Gary Cohn left Goldman because he would never get Lloyd's job, and his departure left a vacuum that Lloyd filled by executing a not-insignificant restructuring of his most senior staff. Aside from being a little busy worrying about itself - which, love it or hate it, is Goldman Sachs' default position - it makes little to no sense that Goldman would risk the scandal of being in improper contact with the very guy whom everyone is waiting for them to have improper contact.
Goldman Sachs might be a lot of things, but dumb and sloppy are not two of them.
And in case that reality needed any more evidence, look no further than Goldman's response to Warren and Baldwin's letter. A copy obtained by Politico shows Goldman General Counsel Gregory Palm operating at a peak level of terse and cutting 200 West Street-level shade throwing:
Dear Senators Baldwin and Warren:
We received your letter of February 10th, in which you ask Goldman Sachs for information with respect to communications between the firm and Gary Cohn, particularly in relation to the executive orders issued by the President earlier this month.

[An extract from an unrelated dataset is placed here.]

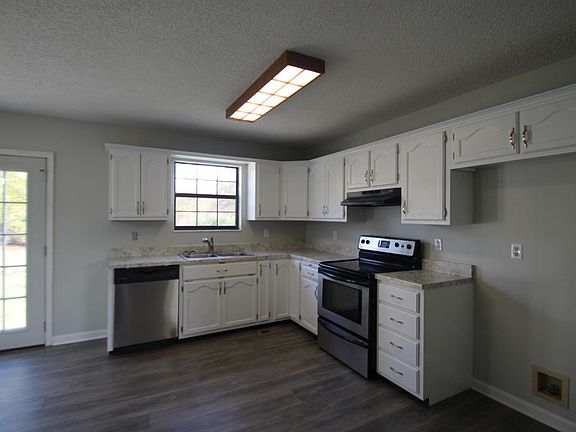 5th image of 1515 Blue Forest Ln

We had no involvement in the drafting of any executive orders, nor did we receive any advance notice of their issuance. More broadly, we are aware of the applicable rules and guidelines for interactions with government officials, and we have no reason to believe that individuals from Goldman Sachs breached them.

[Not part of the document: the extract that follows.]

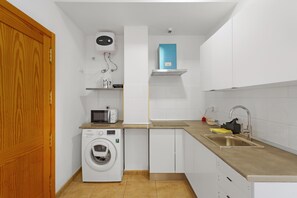 Fridge, microwave, stovetop, coffee/tea maker - Holiday Apartment '1B Ren Coqueto Apartamento' with Wi-Fi (Vecindario)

Consequently, if you have any additional questions, we would direct you to the White House.
Very truly yours,
Gregory K. Palm
Essentially, Goldman's head in-house lawyer is thanking the Senators for their absurd letter, assuring them that Goldman is not stupid and reminding them that Gary Cohn works in that big white house right down the street from their offices, not in Battery Park. Oh, and please get off his lawn.
We like to think that in his heart, Palm gets that Warren and Baldwin are pretty pissed off these days, and he might even understand why. But even with the fulsome emotional understanding of a Goldman Sachs attorney, Palm would really like them to know that they are barking up the wrong fucking tree.